New Story already has experience working with underserved communities struggling to find adequate housing. They've raised funding more than 1,400 homes, and built more than 850 of them in Haiti, El Salvador, Bolivia, and Mexico, using more conventional building methods. The Vulcan is an opportunity to increase production at much lower cost. Brett Hagler, New Story's CEO, said in the company's press release that it was the innovation of the printer that made it seem like the next big thing for their company.
“We feel it’s our responsibility to challenge traditional methods. Linear methods will never reach the billion+ people who need safe homes. Challenging our assumptions, iterating based on data, and taking calculated risks on innovative ideas will allow us to reach more families with the best possible solutions, exponentially faster," he explained.
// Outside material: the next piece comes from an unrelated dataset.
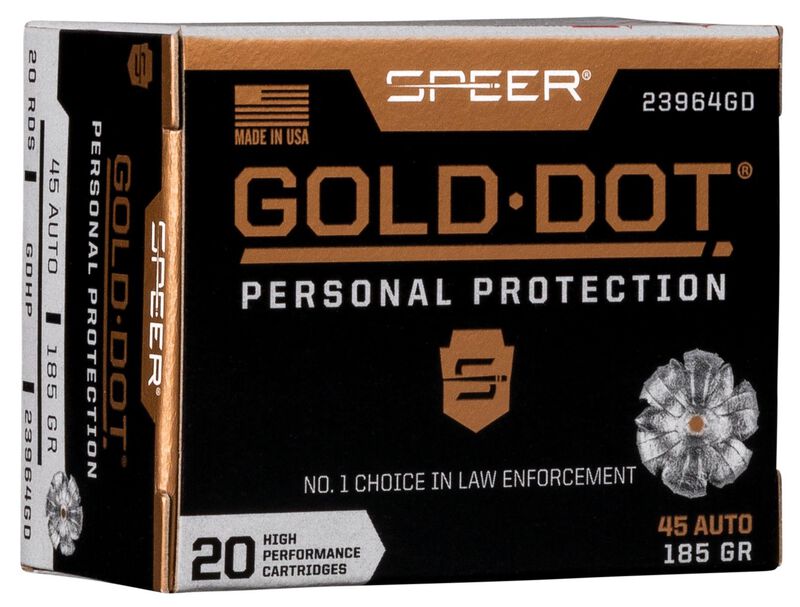 SPEER GOLD DOT 45ACP 185GR GDHP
While the Vulcan has been conceptualized as a solution to housing shortages, it could easily be used to build in other locales, and the creators are already envisioning some possibilities. The printer could easily be adjusted to make customized houses, or if they're thinking far off in the future, even "space habitats."
In an email to Green Matters, Ballard wrote that there are already orders being vetted for upscale housing unites in Texas. He adds, "I am also personally involved in a team working on the NASA 3D printed habitat challenge and we are beginning the early explorations for design in space."
He also said that the company is overseeing all the installation processes—since the building is site-printed, there's literally no assembly required. But the in the future as the production lines scales up, ICON is considering how else the process could benefit the community, suggesting jobs could be created for "systems operators, maintenance, software, etc."
And though the building is literally printed in place, he writes, "The finishes of the home including roof, windows, doors, paint, electric, etc still rely on traditional trades."
When asked if he would live in one, Ballard replied it's not a matter of if, but when.
"Absolutely," he wrote. "I will be making this first home printed in Austin an office to really get he know the environment and learn from findings. And it’s not 'will I' but 'when will I' live in a 3D printed home."